Ikan pindang. Foto : olx

 

Nilai Tambah

Diketahui, ikan pindang merupakan produk olahan hasil perikanan yang popular di Indonesia setelah ikan asin. Selain memiliki cita rasa yang lezat, pindang tidak terlalu asin dan dapat diolah dari semua jenis ikan. Umumnya, pengolahan ikan pindang dilakukan oleh industri skala mikro dan kecil. Berdasarkan SNI 2016, pengolahan pindang ikan terbagi dua2, yaitu pindang garam dan pindang air garam.

Sementara itu, untuk sebaran industri pengolahan pindang skala mikro dan kecil terpusat di Pulau Jawa, Bali, dan Nusa Tenggara Barat (NTB). Lokasi UPI terbanyak yaitu Jawa Tengah, Jawa Barat, Jawa Timur, NTB, Bali, Jakarta, dan Banten yang jumlahnya mencapai 96,20 persen atau 11.175 UPI dari total 11.616 UPI mikro kecil.

Sebelum di Lombok Utara, keterlibatan FAO dalam program kegiatan KKP juga sudah ada sejak lama. Salah satunya, adalah pada kegiatan budi daya perikanan yang dipimpin Direktorat Jenderal Perikanan Budi daya (DJPB) KKP. Pada awal 2019, FAO juga datang ke Indonesia dengan mengajak 13 perwakilan negara dari seluruh dunia untuk belajar tentang sistem minapadi.

Sistem yang telah dikembangkan di Indonesia sejak 2015, menggabungkan perikanan budidaya dan pertanian dan diminati oleh negara yang masuk kawasan Asia Pasifik. Ke-13 negara yang tertarik mengembangkan minapadi di negaranya masing-masing itu, adalah Bangladesh, Kamboja, Laos, Myanmar, Nepal, Pakistan, Sri Lanka, Thailand, Filipina, Timor Leste, dan Vietnam.

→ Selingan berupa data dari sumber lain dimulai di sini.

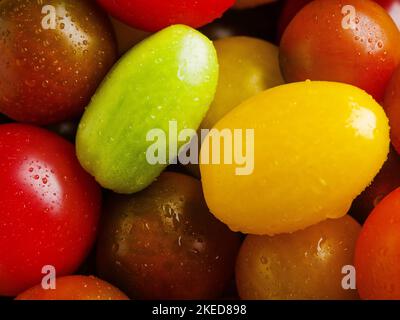 Gros plan. Tomates fraîches multicolores. Beaucoup d'objets. Nourriture végétarienne saine, vitamines, antioxydants. Une récolte abondante. Conception du menu. Cuisine, réf Banque D'Images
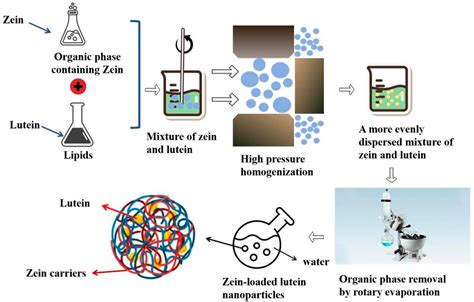  Zein dans les aliments Fonctionnels et la Biodégradabilité !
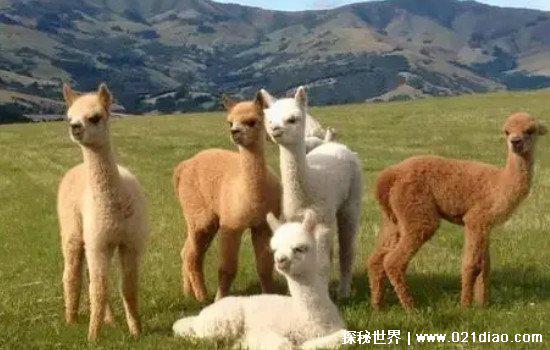 羊驼为什么吐口水，羊驼吐口水说明什么(可能将你当成同类了)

Mereka sengaja datang ke Yogyakarta untuk mempelajari lebih dalam tentang metode minapadi yang menjadi pertama di dunia. Direktur Jenderal Perikanan Budi daya Slamet Soebjakto mengatakan, sejak Indonesia ditetapkan oleh badan pangan dunia PBB (FAO) sebagai rujukan model pengembangan minapadi untuk Asia Pasifik, dunia internasional mulai mengamati metode tersebut.

“Indonesia dinilai berhasil dalam pengembangan minapadi. Oleh Pemerintah, program tersebut menjadi program prioritas untuk mendukung ketahanan pangan,” ucap dia saat itu.

Penunjukkan yang dilakukan FAO tersebut, menurut Slamet, berdampak positif bagi Indonesia di dunia internasional. Indonesia menjadi sangat diperhitungkan sebagai negara yang berkontribusi positif secara internasional untuk pemenuhan kebutuhan pangan global melalui inovasi pengembangan minapadi.

Slamet mengungkapkan, inovasi minapadi yang dilakukan Indonesia, sejalan dengan program dunia yaitu tujuan pembangunan berkelanjutan (sustainable development goals/SDGs). Program SDGs tersebut, adalah program yang sudah disepakati oleh dunia dan tujuan utamanya adalah pengentasan kemiskinan dan pemenuhan kebutuhan pangan global.

Untuk itu, Slamet mengatakan, apa yang sudah dilakukan Indonesia melalui minapadi, akan menjadi solusi untuk dunia dalam pemenuhan kebutuhan pangan. Melalui sistem penggabungan perikanan budidaya dan pertanian itu, dunia bisa menopang ketahanan pangan di tengah penurunan kualitas dan perubahan iklim secara global.

“Kita tentu sangat bangga atas apresiasi dunia terhadap keberhasilan program minapadi nasional,” tuturnya.